Masz już jakiś plan?
Czekam, aż powstanie Centrum Sztuki Włączającej. Tam będzie stała siedziba Teatru 21, a także miejsce integrujące i wspierające osoby z różnymi niepełnosprawnościami. Będą tam organizowane spotkania, wystawy, warsztaty, wykłady. Wierzę, że Maja będzie mogła się spełniać jako artystka. Na remont tego miejsca Fundacja Teatr 21 od lat zbiera pieniądze.
Sprawdź też: Omenaa Mensah dzięki pomaganiu odnalazła miłość: „I to jest dla mnie największa nagroda”
Maja mogłaby żyć samodzielnie?
Nie, dużo potrafi zrobić sama, ale jest bardzo ufna, boję się, że ktoś mógłby to wykorzystać. Na razie bałaby się sama mieszkać. Nie chce jeszcze spróbować przenieść się na jakiś czas do mieszkania treningowego, gdzie młodzież uczy się samodzielności. Musi do tej decyzji dojrzeć. Potrzebuje wsparcia w codziennych czynnościach, w przemieszczaniu się po mieście itp.
Pogodziłaś się z tym, że Twoje dziecko jest inne?
Nie wiem. Nauczyłam się żyć z tą świadomością. Maja daje nam dużo radości, ciepła i empatii. W trudnych chwilach wspiera swoim optymizmem. Jest uzależniona ode mnie, taty, siostry i znajomych i tak już będzie zawsze.
[...]
Podporządkowałaś Mai życie?
Tak. To trudne wyzwanie dla całej rodziny. Bardzo ważne jest to, że mam ogromne wsparcie w mężu i w drugiej córce. Ale nie można całkowicie podporządkować się niepełnosprawności. Trzeba pamiętać też o sobie. Skończyłam organizację produkcji filmowo-telewizyjnej, pracowałam przy filmie, w reklamie. Teraz zrobiłam sobie przerwę. Wydawało mi się, że muszę poświęcić Mai więcej czasu, pomóc jej wejść w dorosłe życie. Gdy ona jest szczęśliwa, to i ja jestem szczęśliwa. Jesteśmy jak naczynia połączone. Ale najwyższy czas te naczynia rozłączyć. I to zadanie dla mnie – zapanować nad swoją nadopiekuńczością, a córce dać wolność. A samej wrócić do pracy.
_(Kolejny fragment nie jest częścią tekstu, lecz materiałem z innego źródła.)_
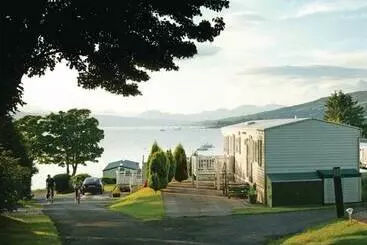 リゾートホテル Rosneath Castle Park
A kiedy ona czuje się szczęśliwa?
Gdy ma poczucie samodzielności, gdy jest doceniana i akceptowana. Kiedy spotyka się ze swoim zespołem muzycznym. Kiedy idzie na koncert, na piwo. W grupie znajomych rozkwita.
[...]
Jak wyobrażasz sobie przyszłość?
Mam nadzieję, że powstanie Centrum Sztuki Włączającej i że Maja znajdzie tam kawałek miejsca dla siebie. Trzeba stworzyć jej możliwość uwolnienia się ode mnie, bo czuję, że ją ograniczam. Chciałabym Mai dać wolność, możliwość samodzielnego działania. Wiem, że ona tego potrzebuje.
Twoja córka czymś Cię zaskakuje?
Tak. Ma duże poczucie humoru, jest dowcipna i potrafi odciąć się pełnym humoru komentarzem. Potrafi też zażegnać konflikt. Poza tym doskonale buszuje w internecie, pisze na komputerze, rozumie nuty, posługuje się telefonem lepiej ode mnie. Myślę, że ułoży sobie życie. Bardzo bym chciała, żeby znalazła życiowego partnera i zakochała się.
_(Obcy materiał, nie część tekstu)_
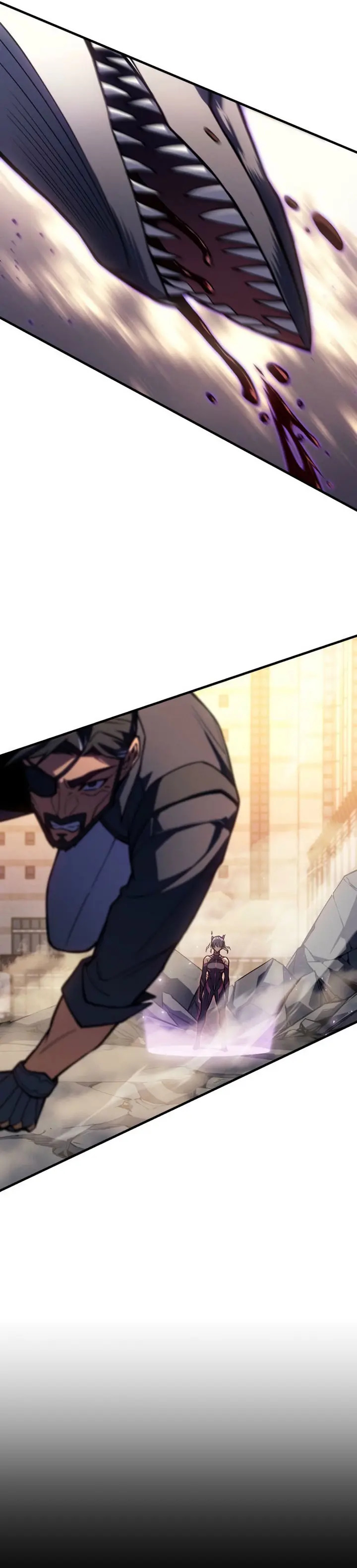 Read Regresé con el poder del Rey ES Manga Online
Myślę, że na to przyjdzie jeszcze czas.
Też w to wierzę, ponieważ osoby z zespołem Downa są teraz dużo bardziej widoczne i akceptowane. Dawniej zdarzały się trudne momenty. Natomiast często musimy oswajać otoczenie. Przed zapisaniem Mai na jakieś zajęcia staram się najpierw zapytać prowadzącego, czy może spróbować i uczestniczyć w zajęciach. Niestety, często słyszę „nie”. To trudne chwile. Ale to też dzięki takim inicjatywom, jak Teatr 21 czy popularny program „Down the road”, gdzie grupa osób z zespołem Downa podróżuje po Europie z Przemkiem Kossakowskim, społeczeństwo oswaja się z niepełnosprawnością. Ważna jest edukacja, ważne są takie inicjatywy, jak Światowy Dzień Zespołu Downa. To już 21 marca, zapraszamy wszystkich do założenia dwóch niepasujących do siebie skarpetek. Chcemy w ten sposób pokazać, że solidaryzujemy się z osobami z zespołem Downa.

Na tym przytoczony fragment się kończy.